Bill would give president emergency control of Internet

Internet companies and civil liberties groups were alarmed this spring when a U.S. Senate bill proposed handing the White House the power to disconnect private-sector computers from the Internet.

They're not much happier about a revised version that aides to Sen. Jay Rockefeller, a West Virginia Democrat, have spent months drafting behind closed doors. CNET News has obtained a copy of the 55-page draft (excerpt), which still appears to permit the president to seize temporary control of private-sector networks during a so-called cybersecurity emergency.

The new version would allow the president to "declare a cybersecurity emergency" relating to "non-governmental" computer networks and do what's necessary to respond to the threat.

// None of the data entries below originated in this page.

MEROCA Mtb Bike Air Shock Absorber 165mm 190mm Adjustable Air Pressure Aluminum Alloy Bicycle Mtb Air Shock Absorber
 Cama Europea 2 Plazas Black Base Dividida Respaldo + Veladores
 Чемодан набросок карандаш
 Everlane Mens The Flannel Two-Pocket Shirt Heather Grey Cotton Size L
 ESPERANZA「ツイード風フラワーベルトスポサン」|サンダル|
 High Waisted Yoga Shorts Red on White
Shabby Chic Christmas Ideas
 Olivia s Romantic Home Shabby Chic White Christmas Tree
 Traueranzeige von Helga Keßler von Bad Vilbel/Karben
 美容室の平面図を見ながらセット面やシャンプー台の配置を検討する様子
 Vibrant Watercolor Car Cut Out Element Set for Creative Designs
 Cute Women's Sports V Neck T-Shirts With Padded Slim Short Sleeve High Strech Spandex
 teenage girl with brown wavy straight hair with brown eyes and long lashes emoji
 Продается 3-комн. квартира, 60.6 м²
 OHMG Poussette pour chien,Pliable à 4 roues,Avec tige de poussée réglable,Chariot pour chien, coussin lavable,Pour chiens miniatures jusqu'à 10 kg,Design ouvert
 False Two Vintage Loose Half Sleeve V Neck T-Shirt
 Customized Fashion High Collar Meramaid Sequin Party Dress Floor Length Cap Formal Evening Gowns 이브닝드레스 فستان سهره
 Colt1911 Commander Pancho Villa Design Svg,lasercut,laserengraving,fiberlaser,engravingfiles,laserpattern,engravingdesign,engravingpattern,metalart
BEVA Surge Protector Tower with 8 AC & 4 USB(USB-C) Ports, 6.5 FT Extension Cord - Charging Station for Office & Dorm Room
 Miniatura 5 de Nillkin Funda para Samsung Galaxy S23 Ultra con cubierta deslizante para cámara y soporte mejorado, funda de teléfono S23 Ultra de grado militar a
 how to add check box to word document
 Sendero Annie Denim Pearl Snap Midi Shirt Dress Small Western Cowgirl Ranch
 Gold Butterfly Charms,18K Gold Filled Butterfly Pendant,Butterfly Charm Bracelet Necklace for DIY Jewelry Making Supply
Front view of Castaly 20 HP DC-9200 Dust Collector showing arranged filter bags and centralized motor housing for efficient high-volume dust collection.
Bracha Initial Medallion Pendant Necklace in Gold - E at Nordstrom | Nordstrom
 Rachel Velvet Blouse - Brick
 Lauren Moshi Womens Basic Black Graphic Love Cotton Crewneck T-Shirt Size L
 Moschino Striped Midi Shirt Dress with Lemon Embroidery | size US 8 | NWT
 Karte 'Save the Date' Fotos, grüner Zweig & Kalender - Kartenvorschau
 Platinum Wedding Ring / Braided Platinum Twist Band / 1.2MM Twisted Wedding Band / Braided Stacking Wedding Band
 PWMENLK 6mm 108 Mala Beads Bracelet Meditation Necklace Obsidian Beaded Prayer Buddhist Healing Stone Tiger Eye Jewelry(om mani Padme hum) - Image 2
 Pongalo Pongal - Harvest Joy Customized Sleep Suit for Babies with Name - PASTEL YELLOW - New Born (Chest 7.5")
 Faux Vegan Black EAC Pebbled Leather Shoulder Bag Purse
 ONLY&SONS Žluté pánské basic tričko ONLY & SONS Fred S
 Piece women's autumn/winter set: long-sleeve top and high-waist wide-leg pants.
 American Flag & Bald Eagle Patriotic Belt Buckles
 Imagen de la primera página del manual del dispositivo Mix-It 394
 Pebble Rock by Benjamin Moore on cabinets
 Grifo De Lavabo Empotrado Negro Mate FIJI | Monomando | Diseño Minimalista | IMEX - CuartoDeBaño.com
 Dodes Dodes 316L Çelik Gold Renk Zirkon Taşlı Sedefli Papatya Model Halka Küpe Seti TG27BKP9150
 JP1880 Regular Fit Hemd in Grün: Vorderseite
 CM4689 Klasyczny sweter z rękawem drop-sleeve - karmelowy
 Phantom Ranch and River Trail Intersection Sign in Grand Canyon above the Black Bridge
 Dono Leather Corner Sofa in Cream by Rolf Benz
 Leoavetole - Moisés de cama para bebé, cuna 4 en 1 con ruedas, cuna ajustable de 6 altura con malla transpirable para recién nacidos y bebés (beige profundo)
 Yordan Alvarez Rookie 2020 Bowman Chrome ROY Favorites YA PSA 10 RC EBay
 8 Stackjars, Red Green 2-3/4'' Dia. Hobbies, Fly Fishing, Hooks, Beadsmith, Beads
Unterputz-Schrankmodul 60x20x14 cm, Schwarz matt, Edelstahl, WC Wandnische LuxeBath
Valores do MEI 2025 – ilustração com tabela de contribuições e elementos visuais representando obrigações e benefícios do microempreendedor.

Looks like the yanks are starting down that long road we joined in 1997.




5 comments:

Ian B said...

"Starting?" "1997"?

This is a much longer process that just the New Labour years. It's simply the latest stage of something that has been going on for more than a century, since the anglosphere's elites were gripped by their version of socialism- corporatist, moral reformist and incrementalist. New Labour didn't invent it, and that's one reason electing Cameron won't change a goddamned thing.

But having said that, yes, Obama is their Blair. Like us, the Americans will find, a few years from now, that drastic changes have been wrought which the majority were barely aware were happening.

The difference between Left parties and Right parties in the anglosphere is merely that the Left have a better revolutionary technic. Right parties will adopt the policies of the left- e.g. terror of racism, homophobia, extreme child protection, diversity, without really understanding why, so their policy implementations are far more fragmented and incoherent.

The Left parties have a considerable heritage of structural theory which directs them to modify political structures in a very organised and successful manner. As such, Obama is the leader of a structural revolution, as was Blair; it's not the surface policies that really matter, but the structural changes that will be made to the political structures of the USA. Once those structural goals have been achieved, the government is then free to make what policies it likes, which is why the first few years of Blair's reign seemed somewhat mild, and even "right wing" on occasion (e.g. on student grants) and then suddenly we caught in a massive rush of policy that seemed almost to come out of nowhere. It was the putting in place of ideological sound apparatchiks imbedded in a carefully designed apparat (such as OFCOM, both FSAs[1], etc) and appropriate enabling legal instruments that was the key thing.

But this is only another lurch forward of a longer process. The USA had the Progressive Era, the New Deal, the Great Society; each of them a period of irreversible anglosocialist structural innovation. Ten years from now the americans will find themselves in an unpleasant place with no hope of reversing out, just as we have.

It's the structure that matters. The Left just understand that far better than anyone else ever has.

__
[1] Remember how the Food Standards Agency was sold as simply protecting us from mouldy cheese, but is actually a major enforcer of lifestyle fascism in the "joined up government"?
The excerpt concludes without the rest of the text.